Support had also come from other key quarters, including from
the US, which confirmed following a meeting of US President Barack Obama and
Chinese President Xi Jinping that Washington
supported the renminbi’s inclusion in the SDR basket
so long as it met the Fund’s criteria.
The
implications that SDR inclusion – which had been strongly pushed for by those
in China advocating for economic reforms – could have for future policy changes
in Beijing is a persistent question, with some analysts drawing parallels to
the result of China’s entry into the WTO in 2001.
While some analysts have characterised the decision as
symbolic, others have noted that it is one more indication of the currency’s
significantly growing use in trade finance, particularly as China has advanced
to become the top exporter in world merchandise trade and among the
largest importers.
Proponents of the move say that the renminbi’s
inclusion could make the Fund’s international reserve asset more attractive,
with the IMF noting that the change will make the SDR “more representative of
the world’s major currencies.”
However, some critics have questioned whether the SDR review,
which occurs once every five years, may have relaxed some of its criteria in
order to bring the Chinese renminbi into the fold, a
suggestion that IMF officials have countered.
According to the IMF, the renminbi
warranted inclusion for various reasons, such as the notable increase of the
currency’s use in international payments as well as in international trading.
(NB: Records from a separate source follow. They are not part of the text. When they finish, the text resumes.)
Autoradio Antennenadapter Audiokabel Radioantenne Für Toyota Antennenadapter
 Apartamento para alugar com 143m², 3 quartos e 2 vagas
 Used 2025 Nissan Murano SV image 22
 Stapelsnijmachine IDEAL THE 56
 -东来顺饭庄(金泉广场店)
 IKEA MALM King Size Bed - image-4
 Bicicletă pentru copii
Other reasons, the Fund explained, were the indications that SDR users, IMF
members, and the Fund itself will likely have few hurdles in using the currency
in their operations, due to various reforms that have been implemented by
Beijing.
However, other concerns that have been raised in some
quarters are whether more unexpected changes might be made involving the
currency, given the devaluation last August that surprised markets, though was
ultimately acknowledged by the IMF and others as a step toward letting market
forces play a greater role.
The vice governor of the People’s Bank of China, Yi Gang, told
reporters on Tuesday that the inclusion in the SDR basket will actually help
ensure the currency’s stability, and that additional devaluation is not likely.
The central bank chief also indicated that more reforms are on the horizon.